The off-road diesel that my friends have gotten so far is no. 2 diesel and not the low sulphur variety.
<SNIP> Each of his trucks gets stopped and tested once a month <SNIP>
None of them can remember having a diesel car stopped and tested.
Number 2 Diesel doesn't refer to Low Sulphur or Ultra Low Sulphur designations. There is No. 2 LSD and No. 2 ULSD both, so the fuel grade doesn't convey any info about the sulphur content. The Canadian and US deadlines for phase-in were about the same for on-road (October of '07) but most refiners and stations were ahead of schedule. In Canada at least, the refiners have all said "Why make multiple grades of sulphur content?" and they make both on-road and off-road to the same spec (ULSD) rather than have multiple grades of fuel. I can't speak to the processes used by the American refiners, but I know we do a good bit of refining for you guys up here as well, suggesting that at the very least, MOST off-road diesel is already ULSD in the U.S. as well, even though the government isn't mandating it until as late as 2010.
So if you're buying off-road in hopes of saving your pump, you may be misguided. If you're doing it to avoid paying road tax at the pump (because of course you are planning to remit it later like a good citizen

) Then you should be just fine.
Nobody really bothers to test diesel cars so far... but then, a lot of people still don't realize that you can get diesel cars here. I could see myself getting dipped / checked back home, but that's because I grew up on a farm.
in my jetta you can't dip the tank.. there's some kind of screen blocking it. i tried syphoning my tank once... wrecked car with practically a full tank of fuel :evil:
Can you see any semi-transparent fuel lines?

Called my fuel supplier. He said everything is ultra low sulphur, on and off road. So Giles might be getting a few off road pumps to overhaul.

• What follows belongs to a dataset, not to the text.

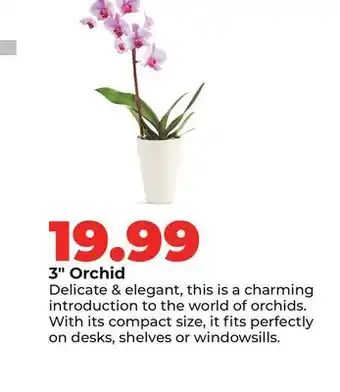 Hy-Vee 3 Orchid offer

Yep - as far as I know, North American refiners and distributors have just switched to one standard, rather than have to double their fuel storage facilities, refining processes, etc. Cheaper and faster to have one kind of fuel rather than two, and that allows them to do less precise forecasting, because they don't have to account separately for on-road and off-road fuels. Actually, for that matter it would also raise the quality of off-road fuel available, because they don't have to sit on old off-road fuel for months and months if it doesn't sell, since the central distributors are just blending the dye onsite rather than the refiners making totally separate fuels.
I heard from a old Mercedes guy that of road diesel (or Red-Fuel) has a higher cetane rating then on road diesel.
<SNIP>
Or is he just a crazy old tax dodging fool?
-E
Crazy old tax dodging fool. Off-road diesel is THE SAME as on-road diesel, broadly speaking. The only difference is the red dye that is added - otherwise, it is just on-road diesel, refined at the same place from the same source. If anything, off-road diesel will typically have poorer characteristics because it is cycled / replaced less frequently and usually stored privately for fleet or commercial purposes.

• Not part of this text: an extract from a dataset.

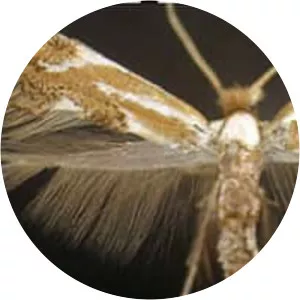 Bucculatricidae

He may have meant "It smokes more, which means it must be running better" as this is a pretty commonly-held misconception. So much so that new tractors with electronically-controlled injection systems now have smoke built in because the old farmers kept coming back saying "It doesn't smoke anymore, it hasn't got enough power". The engineers scratched their heads for a long time before they realized that modding the injection maps to yield some smoke resolved the end-user "power" complaints, although dyno results remained identical.
i have heard of the state highway patrol dipping tanks of farm trucks at our farm science review show.
Wouldn't a farm truck like a normal diesel pickup be considered a off-road use vehicle because it is being used for heavy duty.
I was hauling alot I would rather use the red high sulfur diesel.
Nope. A certain portion of it can be considered agricultural, and depending on where you are, you CAN get away with using off-road fuel, but there are legal requirements as to how much you need to be pulling, what percentage of the time, and how close you need to be to the farm and stuff. As a general rule, if you're on the highway, you need to be running on-road fuel, but legal requirements vary from place to place.
As mentioned above, red number 2 diesel isn't (by definition, at least) any higher in sulphur than clear / blue / yellow / standard number 2 diesel. Home heating oil will be, but it's just bad stuff for vehicular use generally speaking.